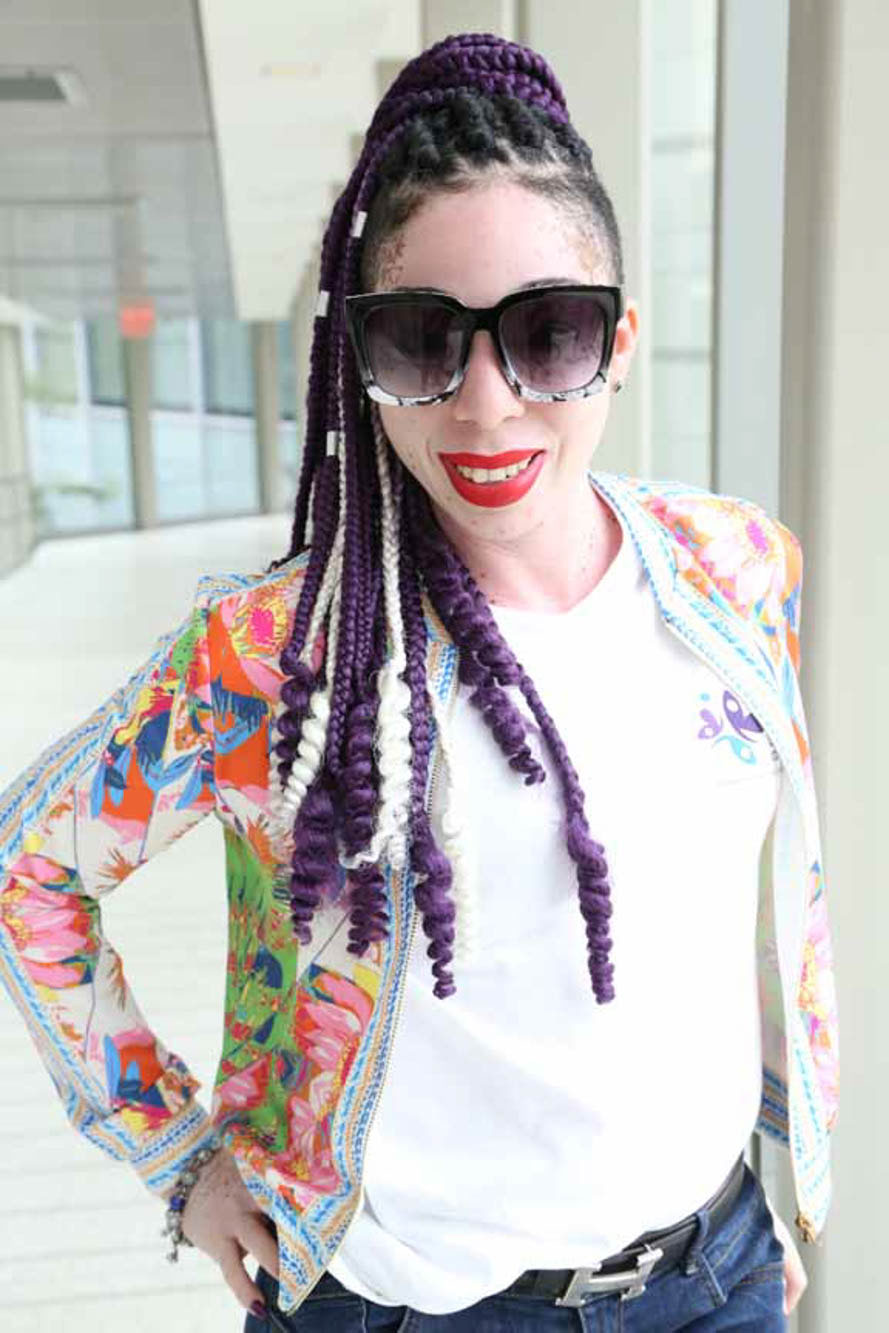 woman with Vitiligo wearing sunglasses and smiling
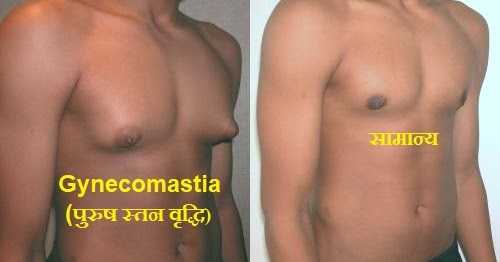 Gynecomastia (à¤ªà¥à¤°à¥à¤· à¤¸à¥à¤¤à¤¨ à¤µà¥à¤¦à¥à¤§à¤¿) à¤à¤¾ à¤à¤¾à¤°à¤£, à¤²à¤à¥à¤·à¤£ à¤à¤° à¤à¤ªà¤à¤¾à¤° 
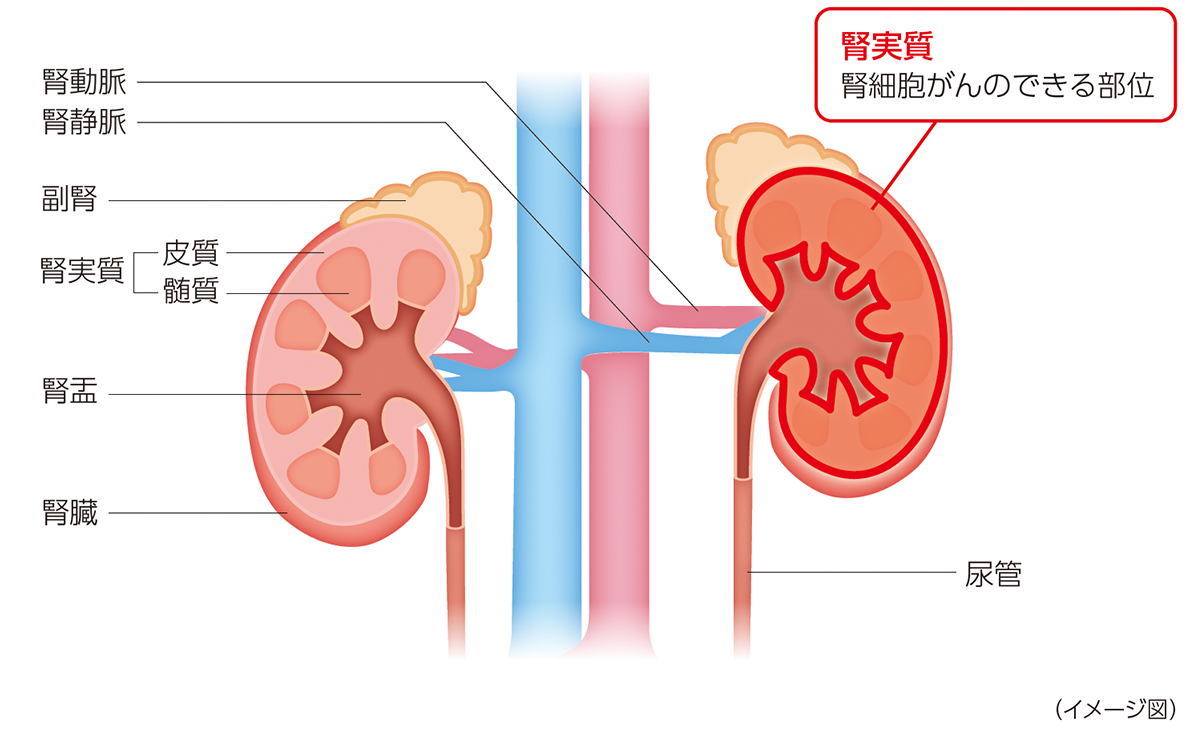 腎臓と腎細胞がん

——————————

> **Aim of the task**
Your answer must be an exact copy of the lines from the line with "Gynecomastia (à¤ªà¥à¤°à¥à¤· à¤¸à¥à¤¤à¤¨" to the final line of the data, both ends included, and no pictures.

> **Task answer**
 Gynecomastia (à¤ªà¥à¤°à¥à¤· à¤¸à¥à¤¤à¤¨ à¤µà¥à¤¦à¥à¤§à¤¿) à¤à¤¾ à¤à¤¾à¤°à¤£, à¤²à¤à¥à¤·à¤£ à¤à¤° à¤à¤ªà¤à¤¾à¤° 
 腎臓と腎細胞がん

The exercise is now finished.